| Konu: | Bazı Kanunlarda Değişiklik Yapılmasına Dair Kanun Teklifi münasebetiyle |
| Yasama Yılı: | 4 |
| Birleşim: | 62 |
| Tarih: | 14.02.2014 |
BEDİİ SÜHEYL BATUM (Eskişehir) - Sayın Başkan, sayın milletvekilleri; -demin bir arkadaşımız da söyledi- Türkiye Büyük Millet Meclisi, Kurtuluş Savaşı'nı yapan, cumhuriyeti kuran bir Meclis. Ancak, bugün maalesef, sizin çoğunluğu oluşturduğunuz Meclis, daha demin 2 arkadaşımızın yaralandığı, maalesef "Her ne pahasına olursa olsun bu yasayı bir an önce çıkaracağız, Bakanımızın ihtiyacı var, Başbakanımızın ihtiyacı var." diye hukuku ayaklar altına aldığınız bir Meclis oldu. Değerli arkadaşlar, burada ne hukukundan bahsedeceğiz, lütfen! Eğer tek yasa bu olsaydı derdik ki: "Hukuku ayaklar altına aldınız, Anayasa'ya aykırı yasa yaptınız." Son günlerdeki yasaların hepsine baktığımızda, hiç bunu saklamanız, göz ardı etmeniz, görmezden gelmeniz mümkün değil değerli arkadaşlar. Bu açıkça Meclise karşı bir darbe dönemi. "Neden savcıya telefon ettiniz? Neden baskı yaptınız? Bakanın çocuğu neden bugün tutuklu, neden Barış tutuklu? Ayakkabı kutusu nedir? Bir banka müdürü parasını ayakkabı kutusunda saklar mı?" dedik, demin Bakan Bekir Bozdağ burada tuttu insanların masumiyet karinesinden, aleyhte yayınlardan, insan haysiyetinden söz etti. İnsaf! İnsaf arkadaşlar! Mehmet Haberal burada oturuyor; dört yıl dört ay tutuklu kaldı, aleyhinde ne yayınlar yapıldı. Yedi yıl tutuklulukları yaşadık, altı yıl tutuklulukları yaşadık, düzmece kanıtları, yalan olduğu ispatlanmış kanıtları yaşadık. O zaman bu Bakan Patagonya'nın Bakanı mıydı? Sizler Türkiye Cumhuriyeti'nin değil Patangonya'nın milletvekili miydiniz hiç farkına varmadınız yedi yıl? İnsaf arkadaşlar, insaf! Görmedik, duymadık, işitmedik, 17 Aralık gelip Başbakan söyleyince işitmeye başladık!

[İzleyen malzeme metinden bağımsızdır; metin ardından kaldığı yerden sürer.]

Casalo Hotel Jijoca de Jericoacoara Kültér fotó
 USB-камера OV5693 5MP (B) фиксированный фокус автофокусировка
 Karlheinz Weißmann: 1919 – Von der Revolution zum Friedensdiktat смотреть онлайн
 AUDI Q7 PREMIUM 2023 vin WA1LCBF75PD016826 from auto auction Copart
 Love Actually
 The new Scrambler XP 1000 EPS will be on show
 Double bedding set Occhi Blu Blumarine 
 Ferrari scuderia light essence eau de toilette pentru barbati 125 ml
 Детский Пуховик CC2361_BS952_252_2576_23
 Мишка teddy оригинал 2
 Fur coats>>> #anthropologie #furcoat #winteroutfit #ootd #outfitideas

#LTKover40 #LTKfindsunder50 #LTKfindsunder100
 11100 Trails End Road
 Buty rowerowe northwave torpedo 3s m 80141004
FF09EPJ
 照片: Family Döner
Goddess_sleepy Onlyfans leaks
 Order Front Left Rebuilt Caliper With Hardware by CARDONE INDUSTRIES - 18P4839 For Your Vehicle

Değerli arkadaşlar, çok açıklıkla söyleyeyim, bugün, daha doğrusu, saat itibarıyla dün 14 Şubattı. Yani insanlar birbirlerine sevgilerini sunacaklar, sevgilerini gösterecekler ailelerine, eşlerine, çocuklarına. Türkiye'yi öyle bir duruma getirdiniz, öyle bir böldünüz ki sizin sayenizde bazıları çocuklarına bu sevgiyi, bu düşkünlüğü ziyadesiyle gösterebiliyorlar. Oturuyorlar gemicikler alıyorlar, görmezden geliyorsunuz. Pırlanta dükkânları açıyorlar, görmezden geliyorsunuz. Arsalar kotarıyorlar, görmezden geliyorsunuz. Komisyonlar kotarıyorlar, görmezden geliyorsunuz. Diğer bazı çocuklara da dün olduğu gibi, Gezi Parkı'nda olduğu gibi biber gazı, cop, dayak, boyalı su.
Şimdi, bu ayrımcılık yetmedi, bu başkalarının çocuklarıyla bizimkilerin çocukları arasındaki ayrımcılık yetmedi, artık açıkça yasa yapıyorsunuz, yasalar yapıyorsunuz kurtarmak için.
Dün hep beraber komisyonda gördük değerli arkadaşlar, hepiniz de biliyorsunuz. Hepiniz de biliyorsunuz. Reza Zarrabları kurtarmak için, bakan çocuklarını kurtarmak için, Bilal'i kurtarmak için, ayakkabı kutularını kurtarmak için dün delilleri yok etme kanununu komisyonda kabul ettiniz, açık açık. Bugün de bir kez daha onları kurtaracak hâkimleri oluşturabilme kanununu yapmaya çalışıyorsunuz. Sizler farkındasınız, ama farkında olmayı bile kabul etmek istemiyorsunuz.
Sizlere bu konuda söyleyebileceğim son bir şey var, lütfen diyorum, tekrar, görmezden gelmeyin, hepsi bizim çocuklarımız. Birini ziyadesiyle sev, birine de biber gazını reva gör! Ama ne olursa olsun, Sayın Başbakan ne dedi geçen gün? "Ben arkadaşımı yedirtmem." dedi. Biz de bir şeye söz verdik, o nasıl yedirtmeyecekse biz de bu ülkeyi soydurtmayacağız. (CHP sıralarından alkışlar) Biz de bu ülkeyi soyanların milletin anasına küfretmesine izin vermeyeceğiz. Analarına küfrettirmeyeceğiz.
Hepinize saygılar efendim. (CHP sıralarından alkışlar)
MEHMET ERDOĞAN (Gaziantep) - Sarıgül'ün dosyasını da temizleyecek misiniz?
BEDİİ SÜHEYL BATUM (Devamla) - Olabilir, siz de bakın!